Epilepsy monitoring unit
Our epilepsy monitoring unit (EMU) is dedicated to providing quality care, diagnosis and treatment for epilepsy patients in a state-of-the-art facility. Using the latest equipment and procedures, our specialists can capture an event or seizure and correlate that with video and medical imaging to truly diagnose whether or not a seizure is occurring. A family member is encouraged to accompany the patient throughout his or her stay. The unit features large, comfortable, private rooms that are fully equipped and monitored throughout the night. During monitoring in the EMU, seizure medications may be decreased or temporarily discontinued. Prior to discharge from the hospital, medications are reintroduced and/or modified based on the information obtained. The EMU is staffed 24 hours by nurses who are specially trained to care for epilepsy patients.
After all required epilepsy workup is completed, a patient with difficult to control seizures has the option of epilepsy surgery done by an expert in the field. This is tailored to the patient’s preferences and case and could consist of laser interstitial thermal therapy (LITT) or resective surgery, aimed at removing the abnormal brain tissue where seizures originate.
Responsive neurostimulation (RNS)
RNS is a new device that reduces and occasionally may even eliminate seizures and involves implanting short electroencephalogram (EEG) leads in the brain that record continuously the brain activity and deliver treatment when a seizure occurs.
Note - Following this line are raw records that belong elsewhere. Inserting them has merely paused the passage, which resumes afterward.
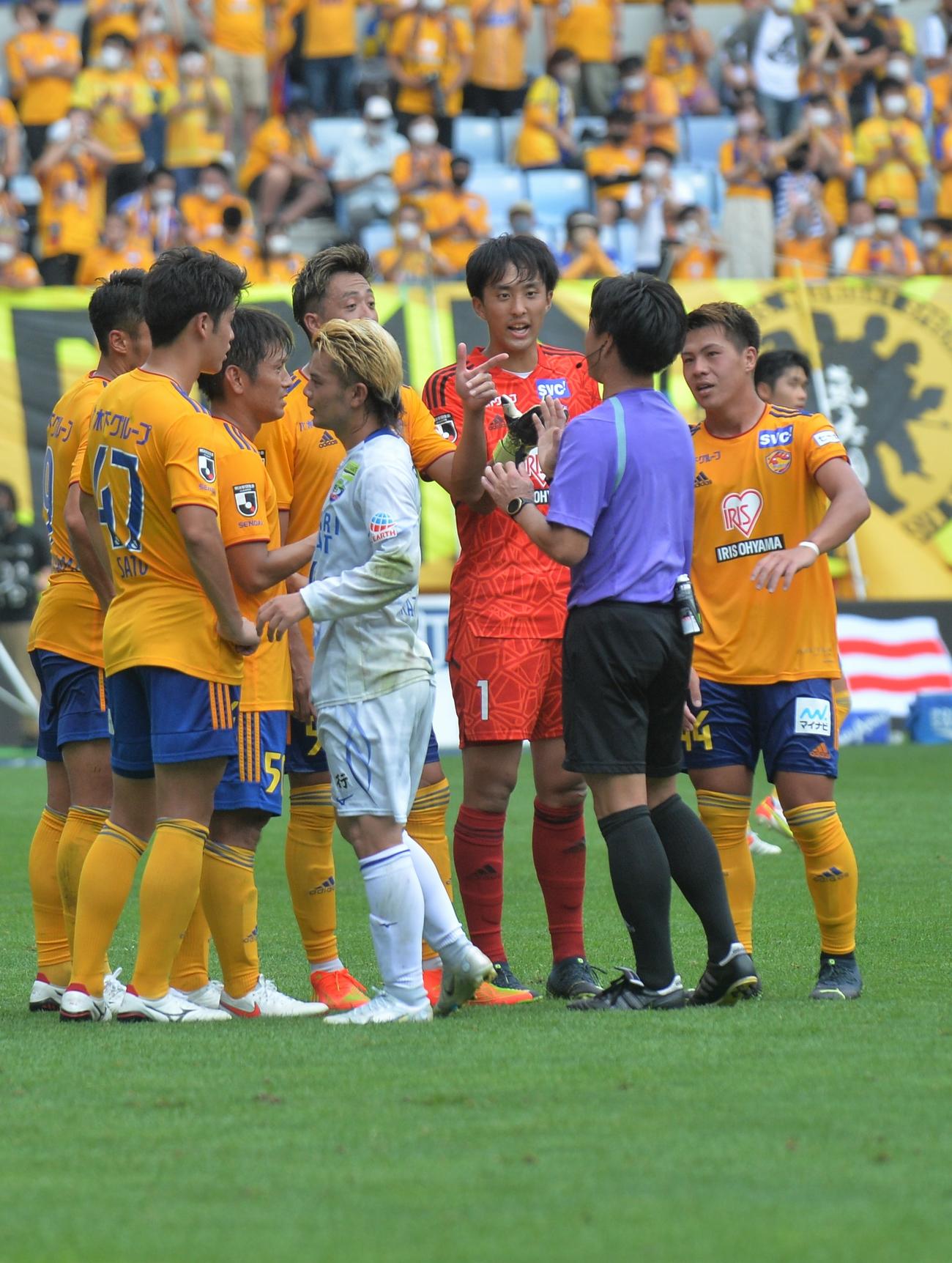 前半41分、仙台MF遠藤（中央）が退場となり、審判と話をする仙台の選手たち（撮影・佐藤究）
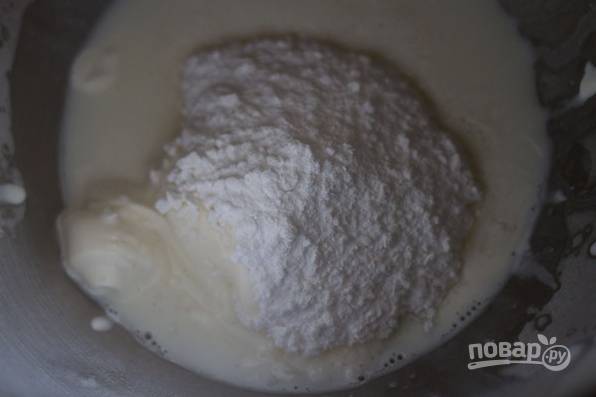 10. Для приготовления крема взбейте сливки с сахарной пудрой (сахаром) до плотных пиков. 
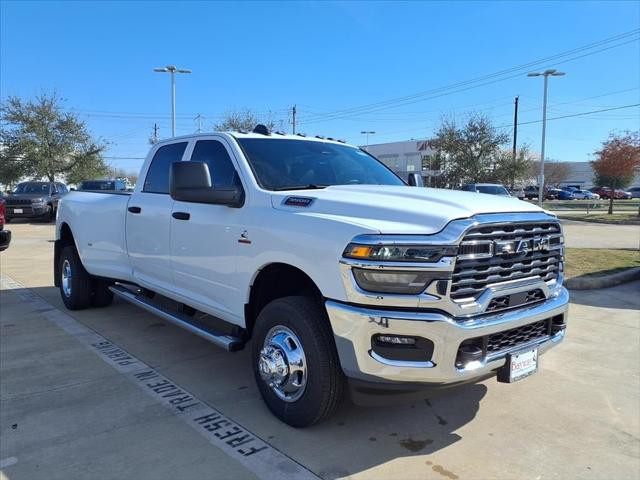 2026 RAM Ram 3500 RAM 3500 TRADESMAN CREW CAB 4X4 8 BOX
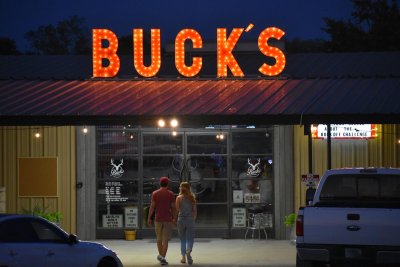Buck's Backyard — photo 1 of 4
Deep brain stimulator (DBS)
DBS involves implanting EEG leads in a target area of the brain with the purpose of lowering the number of seizures in patients, in which medications did not show enough efficacy.
Vagal nerve stimulation
For many people with epilepsy, anti-seizure medicines provide relief. For patients whose seizures are not controlled by medication, vagal nerve stimulation (VNS) may be an option. VNS is designed to control seizures by sending small pulses of electrical energy to the brain through a small implant.
It is not unusual for individuals with epilepsy to need rehabilitation services. Seizures may result in lasting problems with strength, balance and cognition. A physiatrist assessment can lead to prescribing the correct medications, therapies and equipment to improve function and quality of life.